Pendekatan berbasis ekosistem layak diterapkan untuk melihat sebab dan akibat banjir dalam satu kesatuan ruang ekologi dengan menghilangkan sekat administrasi, politik, sosial, dan ekonomi. Ekosistem Jakarta adalah satu ruang dengan ekosistem Bogor, Puncak, dan Cianjur, sehingga saling bergantung dan memengaruhi. 

Kembalikan hak lingkungan yang berada di dalam kesatuan ekosistem yang sama, jangan pisahkan mereka atas dasar batas kewilayahan dan egopolitik.
Lebih lanjut adalah menertibkan permukiman di bantaran sungai melalui langkah-langkah relokasi ke hunian yang lebih aman dan nyaman. Dengan demikian, kapasitas sungai akan terpulihkan untuk menampung air dan hak air untuk mempunyai “rumah” sebagai penampungan dan alur sungai untuk mengalir tersedia secara memadai.

Banjir yang selalu berulang seharusnya menyadarkan kita bahwa melestarikan lingkungan adalah sebuah tuntutan yang tidak bisa ditunda-tunda lagi.

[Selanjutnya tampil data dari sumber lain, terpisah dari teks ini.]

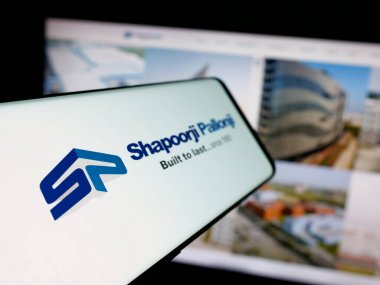 Stuttgart, Almanya - 06-01-2025: Hint firması Shapoorji Pallonji Group 'un logosuna sahip akıllı telefon web sitesinin önünde ekranda. Telefon ekranının merkez soluna odaklan.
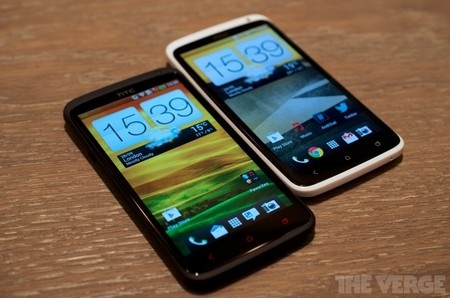 HTC trình làng smartphone “khủng” nhất của mình - 5 Không có quá nhiều sự khác biệt trong thiết kế của HTC One X+ (trái) và HTC One X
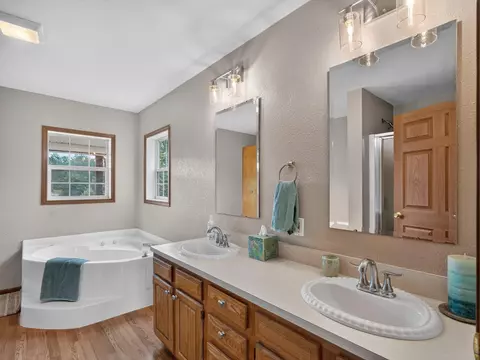 Bath - 533 White, Gladwin, MI 48624 photo 3 of 6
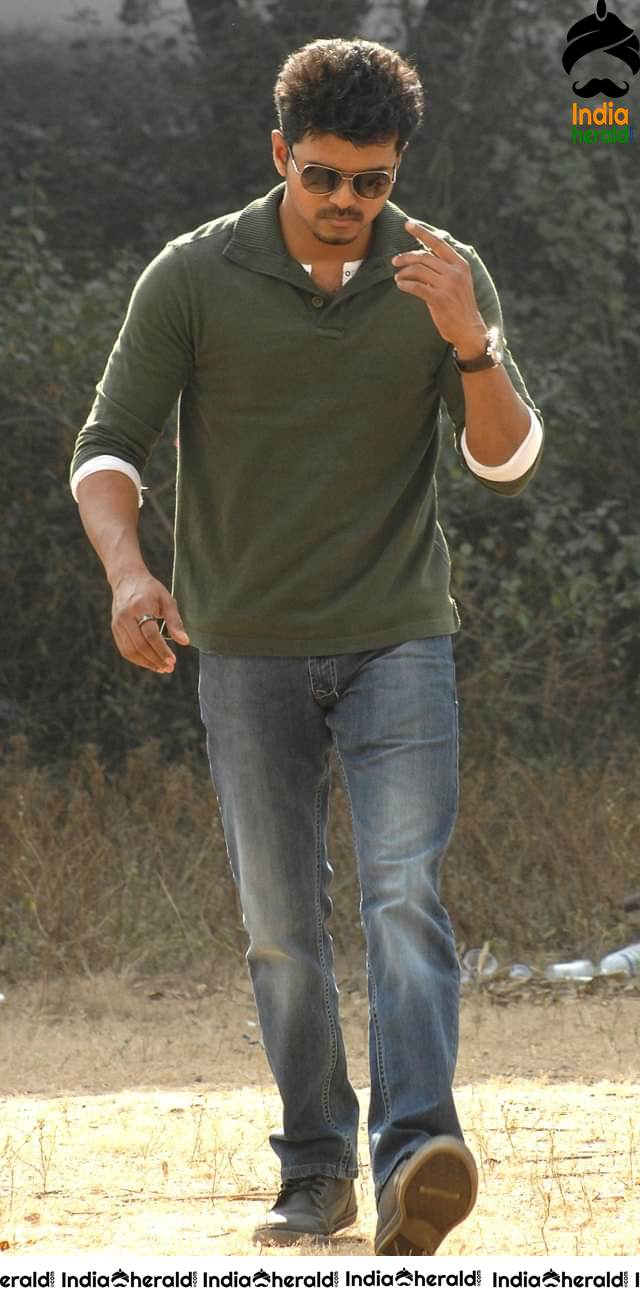 Rare and Unseen Photos of Vijay and Kajal from Thuppakki Movie Set 7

Banjir bukan fenomena alam an-sich, tetapi buah dari keserakahan manusia dan kebijakan negara yang telah mengabaikan hak-hak lingkungan alam yang mempunyai hak untuk berkembang dan mencari keseimbangan diri. Jika kita menginginkan terpenuhinya hak atas lingkungan hidup yang baik dan sehat, kita wajib menghormati hak-hak alam agar berfungsi secara baik untuk keberlanjutan kehidupan manusia dan pembangunan.